Why ‘The Hate U Give’ is Important

It is not easy in the slightest to talk about police brutality especially when the victim happens to be a person of color. ‘The Hate U Give’ by Angie Thomas focuses on the life of Starr Carter and how her life is affected when her friend Khalil, a young black man, is shot and killed by a police officer while she is sitting next to him in a car. Starr is faced with being the only witness in the criminal proceeding, but also weighing her need to be an activist against her need to keep her identity a secret from the public. The events that follow the shooting are instances that are all too familiar to these situations in real life. 

In the past few years, examples of police brutality especially against black men have been ubiquitous.  From my perspective, opinions on these types of occurrences became the most polarized during the summer of 2016. On July 5, 2016 Alton Brown was restrained and killed by police in Baton Rouge, Louisiana; and one day later on July 6, 2016 Philando Castillo was shot and killed by police in Falcon Heights, Minnesota. These shootings were followed by a terroristic attack on white police officers in Dallas, TX on July 7th. Over the course of those three days, police and civilian relations as well as race relations across the nation were in an uproar. Months after the later, ‘The Hate You Give’ was published and it could not have been more than timely. 

Angie Thomas was inspired to write this story in 2009 after the highly criticized death of Oscar Grant; a black man who was shot and killed by a police officer in a train station. Similarities between the Oscar Grant shooting and the shooting of Khalil, which takes place in ‘The Hate U Give’ can be noticed, but what makes the book so compelling is how the death affects the people around the main characters, specifically Starr. Starr is a sixteen-year-old girl whose personality is distinct but can also be reflected onto anyone. This type of character composition allows the reader to empathize with her but also be exposed to an opposing point of view. An example of this would be Starr’s conflicting presences in her life. Her father was incarcerated for a number of years while she was a child, which would give legitimacy to any ill feelings towards the justice system, yet the uncle who stepped into her father’s place while he was gone, works as a police officer. These relationships make it different for Starr to blindly subscribe to one side over the other.

One of the greatest aspects of ‘The Hate U Give’ is that it takes the impersonality out police brutality. In many cases in the United States, when an interaction with police results in a violent outcome, American’s are given the facts without considering the humanity of the situation. It becomes much more difficult to fault a person for their actions. 

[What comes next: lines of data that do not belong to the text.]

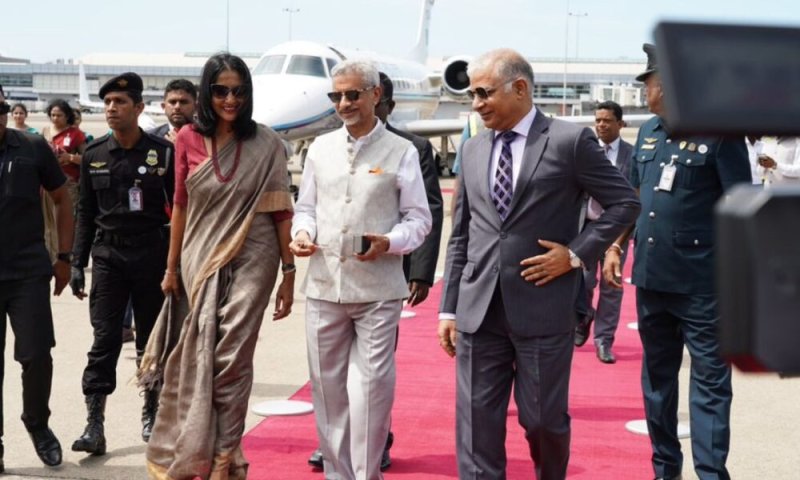 Indian External Affairs Minister Arrives in Sri Lanka 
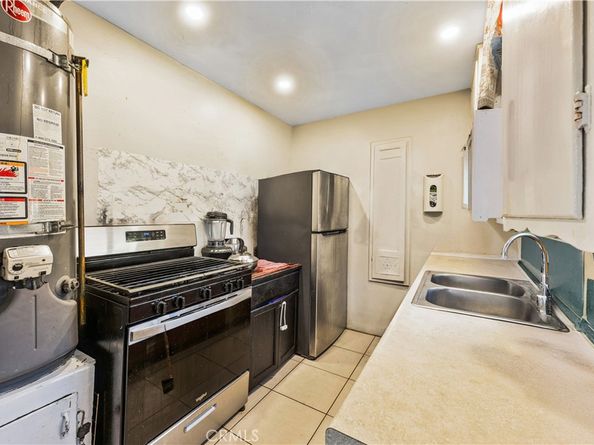 6041 Ferguson Drive, Commerce CA 90022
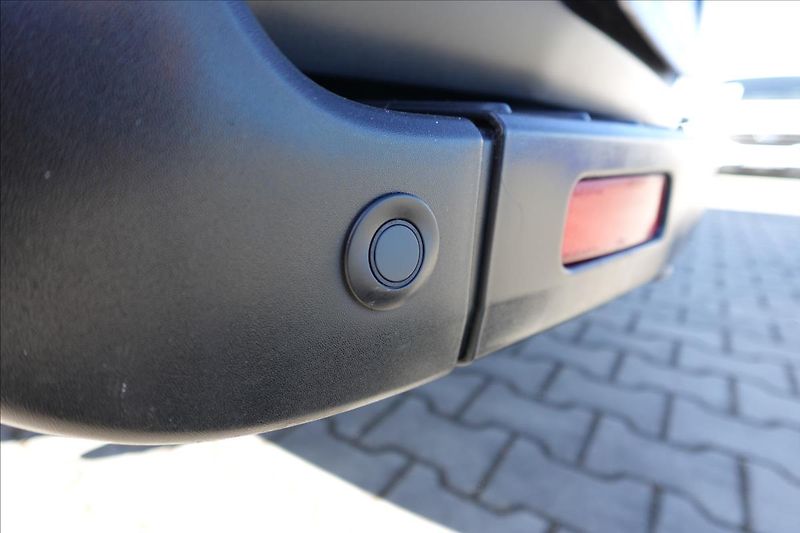 Ford Transit 2,0 TDCi  L3H2 8MÍST BUS KLIMA - fotka 13 z 40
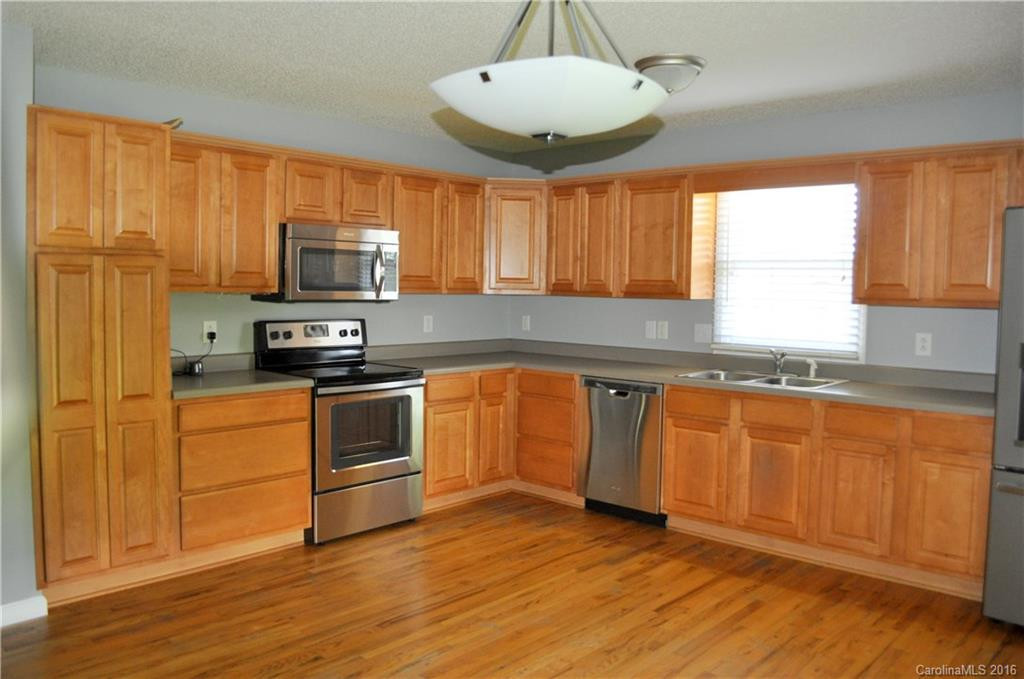 8277 Madison Lane - Photo 6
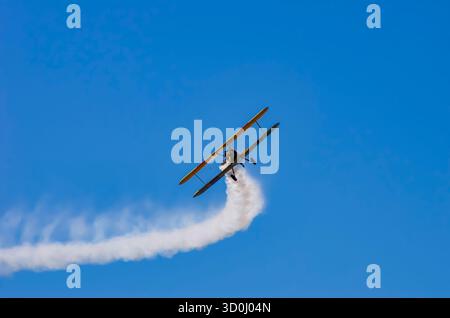 Un biplano Boeing PT-17 Stearman Model 75, durante una dimostrazione di volo ad uno spettacolo aereo sulla Rossfeld a Metzingen-Glems, Baden-Wuerttemberg, Germania. Foto Stock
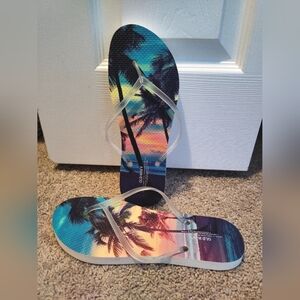 Old Navy FlipFlops size 9-10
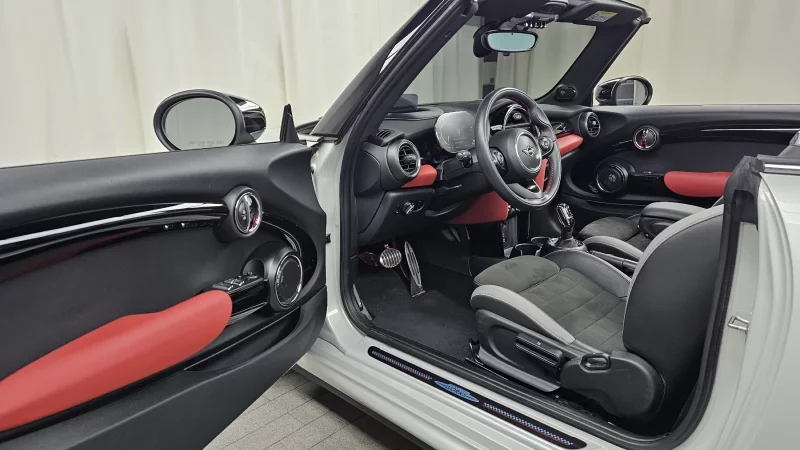 MINI Cooper Convertible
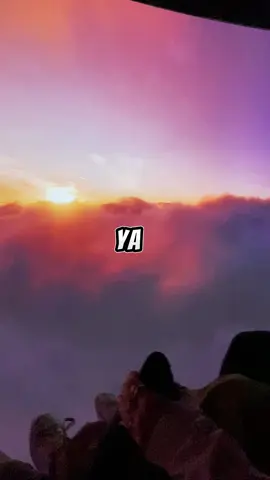 🇦🇷 Primer simulador de vuelo 4D de Argentina 🇦🇷 🦅 El Vuelo del Cóndor propone una experiencia inmersiva recorriendo la Argentina desde las alturas. Una mirada nunca antes vista de los lugares más icónicos de nuestro país. 📹 A partir de tecnología aplicada a experiencias inmersivas, esta nueva atracción invita al público a explorar los escenarios naturales más impresionantes e icónicos de nuestro país: desde la Quebrada de Humahuaca hasta el Faro del Fin del Mundo, pasando por esteros y bañados, las Cataratas del Iguazú y el Glaciar Perito Moreno, entre otros. 🌎 Queda en @somosmundogea que es el primer parque de entretenimiento tecnoloigico de Argentina. Además del la experiencia Gea Aerea (el simulador de vuelo) están: GEA  terrestre y GEA marino  🕛 Mar a Dom y feriados de 11 a 18. 📍 Ecoparque, Av. Las Heras 4159, Buenos Aires, Argentina 🎟 Tickets en www.mundogea.com.ar  y en la boletería del Parque: Av. Gral. Las Heras 4159, CABA. 💲 Recorrer el parque completo $14.000 (hasta el 31/05 en promo a $7000); solo el vuelo del condor $8.000 (hasta el 31/05 en promo a $4000)  Me parece un planazo para grandes y chicos 👨‍👩‍👦‍👦 #buenosaires #simuladordevuelo 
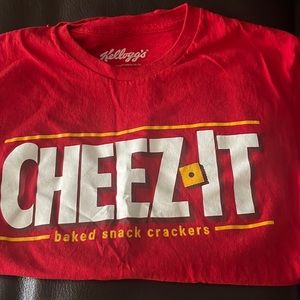 Cheez-It Logo T Shirt - Small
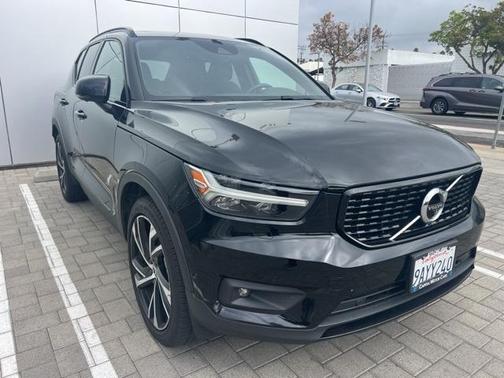 2019 Volvo XC40 T5 R-Design
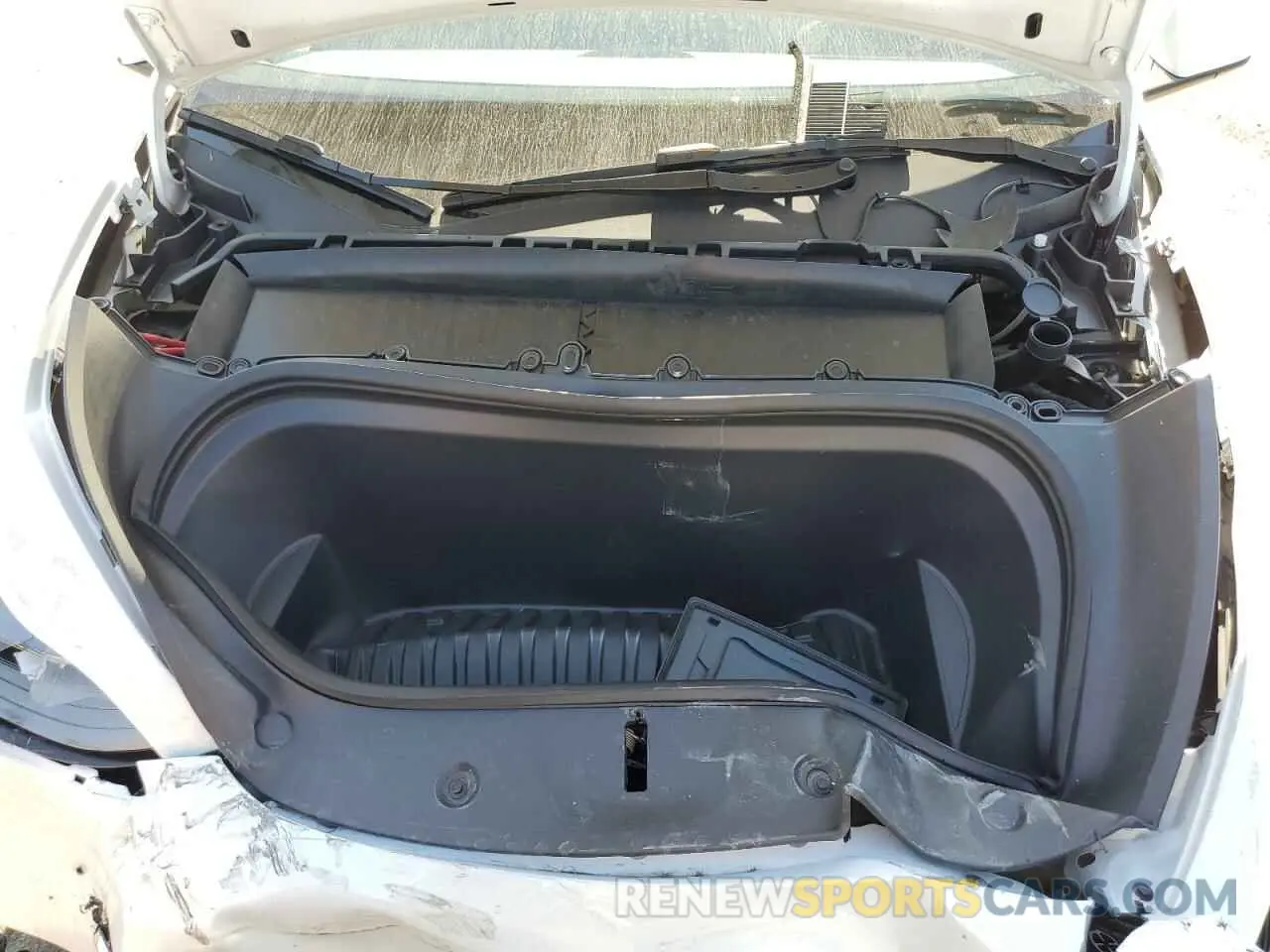 12 Photograph of a damaged car 7SAYGDEEXRF090916 TESLA MODEL Y 2024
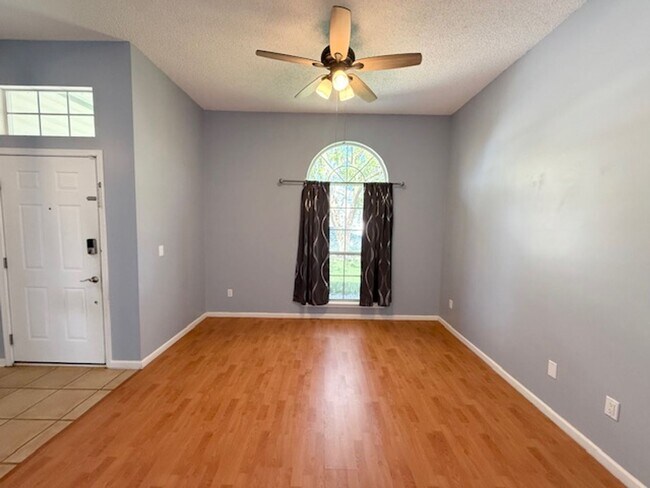 Photo - Beautiful 4-bedroom, 2-bathroom home for r...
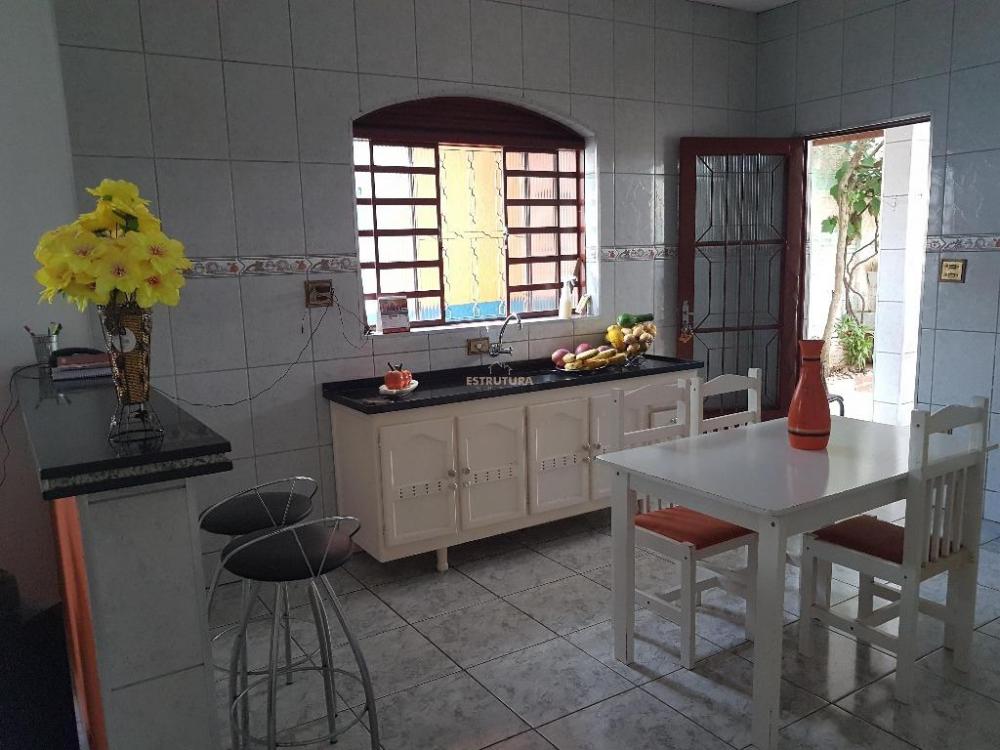 Comprar Casa / Padr&atilde;o em Rio Claro R$ 380.000,00 - Foto 7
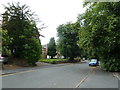 Approaching a bend in Oxford Road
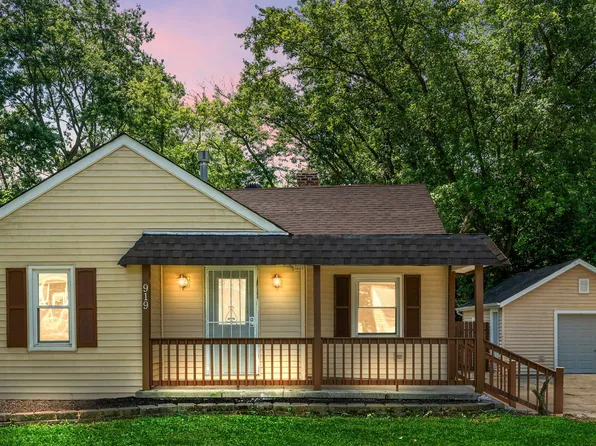 919 W 61st Ave, Merrillville, IN 46410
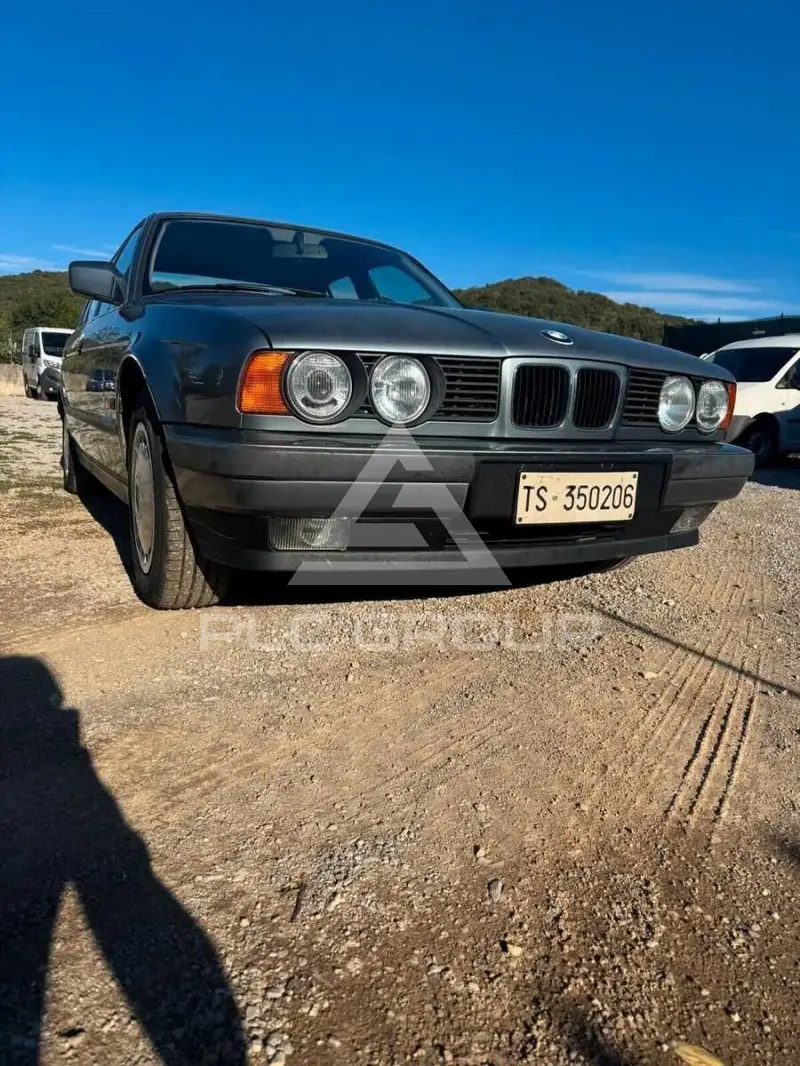 1989 BMW 520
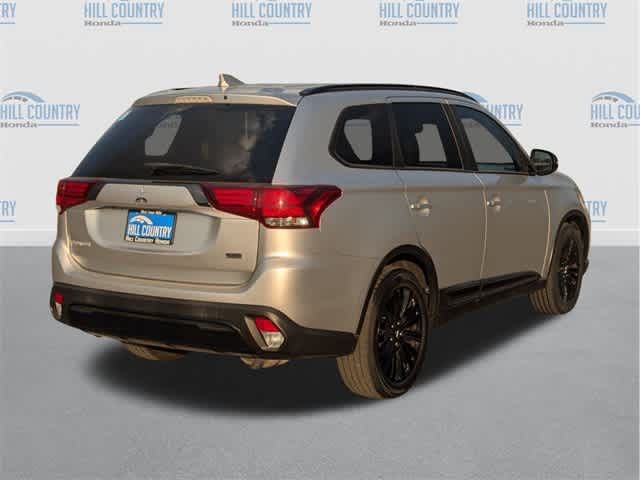 2020 Mitsubishi Outlander LE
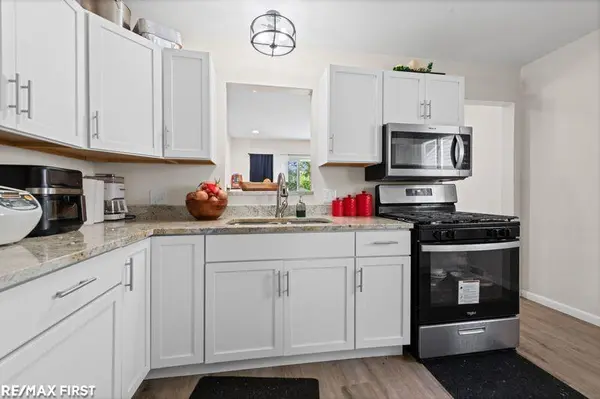26115 Barrington ST, Madison Heights, MI 48071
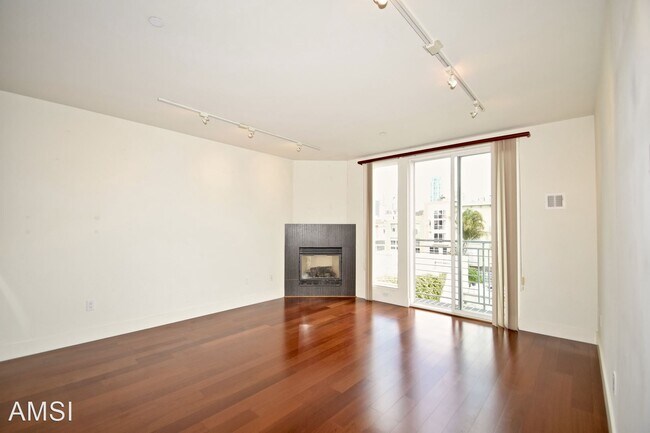 Foto del edificio - 2 br, 2 bath House - 75 Moss Street #14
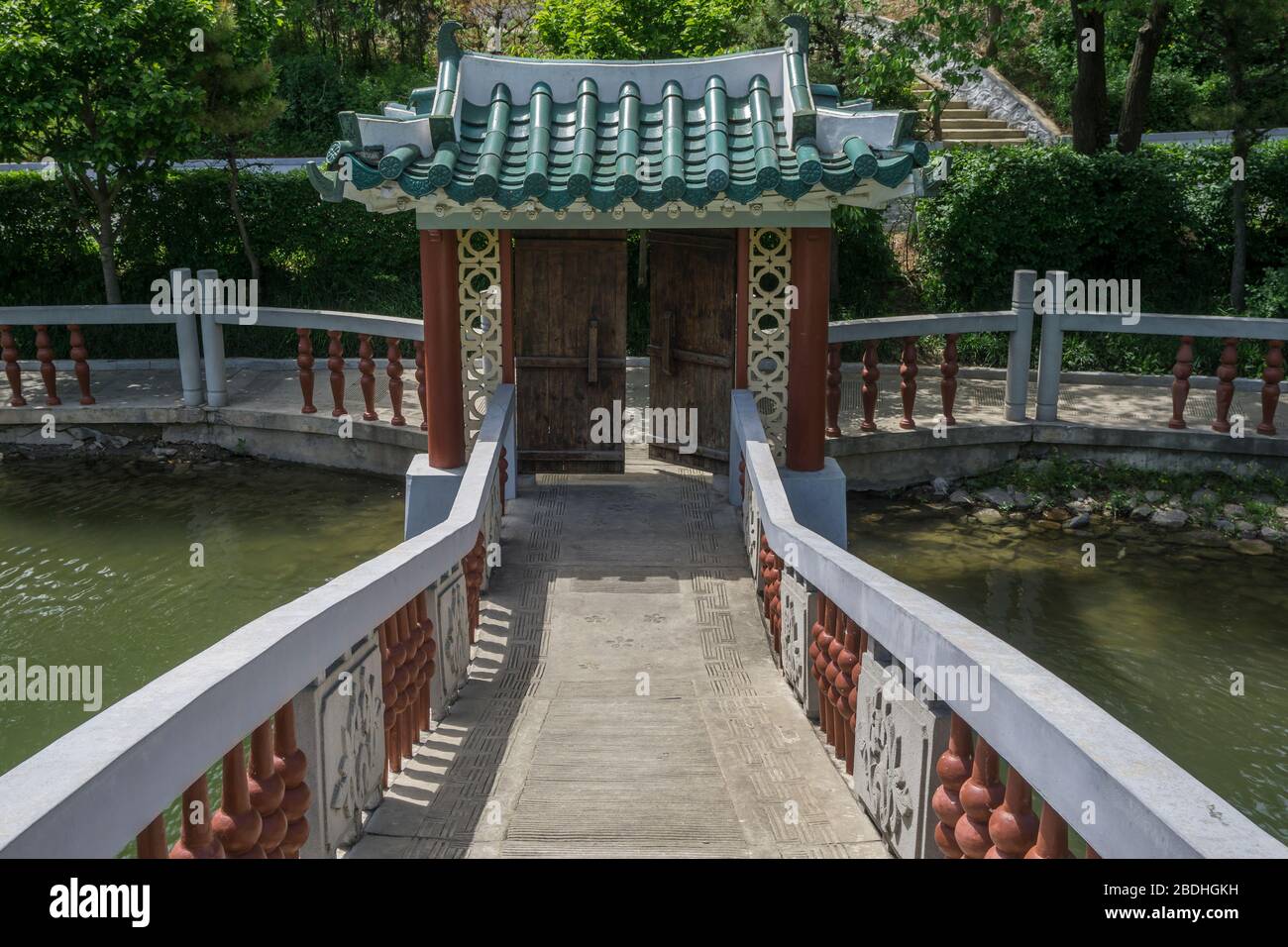 Geschwungene traditionelle Tempelbrücke, Nordkorea Stockfoto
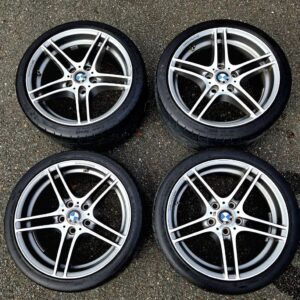 Pack Jantes 18" BMW M Performance 313 + Pneus (E87 E82)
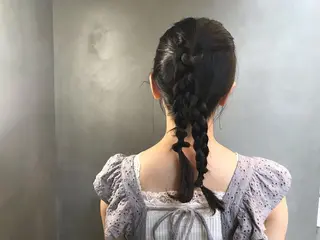 セミロング カラー ヘアアレンジ moi-meme.soe所属・タナカ リナのヘアスタイル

There are some elements of ‘The Hate U Give’ that are far from politically correct. Although the book does succeed in not demonizing a person for their race, it does have its flaws. Starr, her friends, and her siblings all struggle with processing the various issues that accompany race. Their perspectives on race go past the definition of the color of a person’s skin and sometimes includes stereotypical behaviors and ideologies. Even though racial identity is inherently a social construct and therefore can vary from person to person, one must remember that these characters’ opinions and behavior are their own and should not be generalized to all people. That does not mean that the problematic statements in the book should be pardoned. However, they should be acknowledged in the context in which they are being made and how they contribute to the overall message. When a character makes a negative statement about race or relies on a stereotype to make an inference, the author is including it to give insight to the character’s inner thoughts in a specific situation or to highlight a character’s change in behavior during various social situations. When you consider the author’s reasoning it becomes apparent why such statements are included. 

All in all, Angie Thomas does a wonderful job of crafting a thought-provoking novel that works to unite individuals by shedding light on an often ignored perspective. It would be remiss not to mention that this book will soon be converted to film, however, to embrace the full meaning of the Thomas’ original message, reading the book is the best method of delivery. In her own words, “I’ve always seen writing as a form of activism. If nothing else, books give us a glimpse into lives that we may not have known about before; they can promote empathy.” Reading ‘The Hate U Give’ can offer a multitude of perspectives that any person living in a polarized society would benefit from.